When Houston landed seven FIFA World Cup 2026 matches, the hospitality industry made plans accordingly. Hotels renovated, hired staff, and set premium rates. City leaders called it “104 Super Bowls.” The expectation was a summer that would redefine Houston’s tourism revenue.
That expectation hasn’t materialized.
The numbers
Houston First Corporation reported hotel bookings running only 9% above typical June levels as of early May — a modest bump more consistent with a corporate convention than a World Cup. The Lancaster Hotel’s director of sales was direct about it: “We were expecting full occupancy, thinking we would be sold out by now. We are around 50% for the game nights.” The Wanderstay Boutique Hotel near NRG Stadium is registering 45% occupancy for the tournament period — down from 70% at the same point last year. The American Hotel and Lodging Association reported that 70% of Houston hoteliers said bookings came in below expectations.
Why it happened
Three things went wrong simultaneously.
FIFA reserved large room blocks across host cities, which inflated early demand signals and pushed hotels to set premium rates.
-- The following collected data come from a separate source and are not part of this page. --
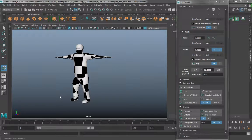Hello everyone. In this video we are going to go ahead and begin texturing our character.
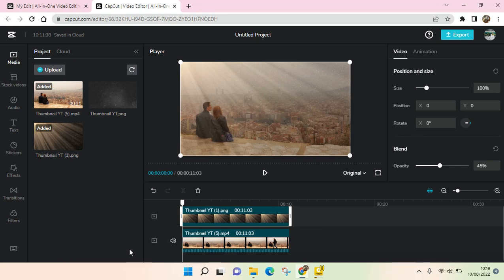Hey guys, back with me again in this channel. On today's video I'm going to show you how to add audio from your own library to CapCut for PC. It is a bit different from CapCut in mobile.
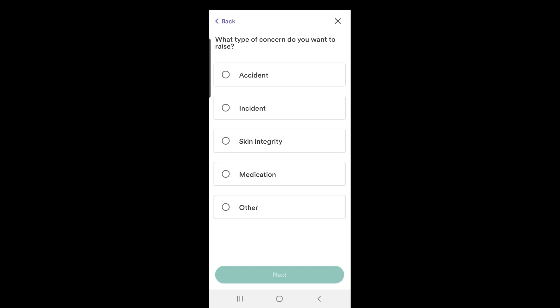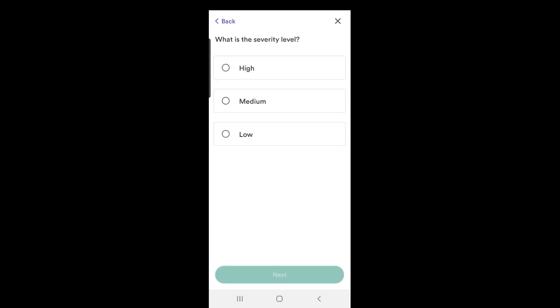For this example I request a change in medication, so I will select medication and the severity as high.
Then FIFA canceled roughly 70% of those blocks, releasing rooms back into a market that had already priced itself above what casual travelers were willing to pay.
International fans — the ones who travel specifically to follow their national teams — faced a US visa process that was slow and expensive. Many were denied or couldn’t plan in time. FIFA sold over five million tickets globally but the visa system couldn’t accommodate the implied volume of international visitors, and fans who could travel to North America chose cheaper Mexican host cities instead — Guadalajara is running 73% occupancy versus Houston’s 50%.
Fans who did book US travel increasingly opted for budget strategies — staying 45 minutes outside the city, mixing hotels with Airbnb, and targeting $75 per night rather than downtown Houston’s $133+ average.
What it actually means
The shortfall is real but the story isn’t all bad. Downtown Houston’s hotel submarket specifically is up 38% for June and 63% for July versus last year — meaningful numbers even if they fall short of original projections. The Fan Festival in EaDo is driving consistent foot traffic and spending. And the infrastructure improvements — transit upgrades, the Green Corridor, EaDo’s urban realm overhaul — are permanent regardless of hotel occupancy rates.
As CoStar’s national director of hospitality analytics put it: “This is more of a rate event than an occupancy event.” The rooms filling are commanding higher rates — just not as many of them as anyone planned for.
Houston’s hotels were sold a version of the World Cup that the tournament didn’t deliver. The city still got a global spotlight, a permanent infrastructure upgrade, and an EaDo corridor that will benefit long after the final whistle. But the hospitality industry is entitled to say the projections were wrong — because they were.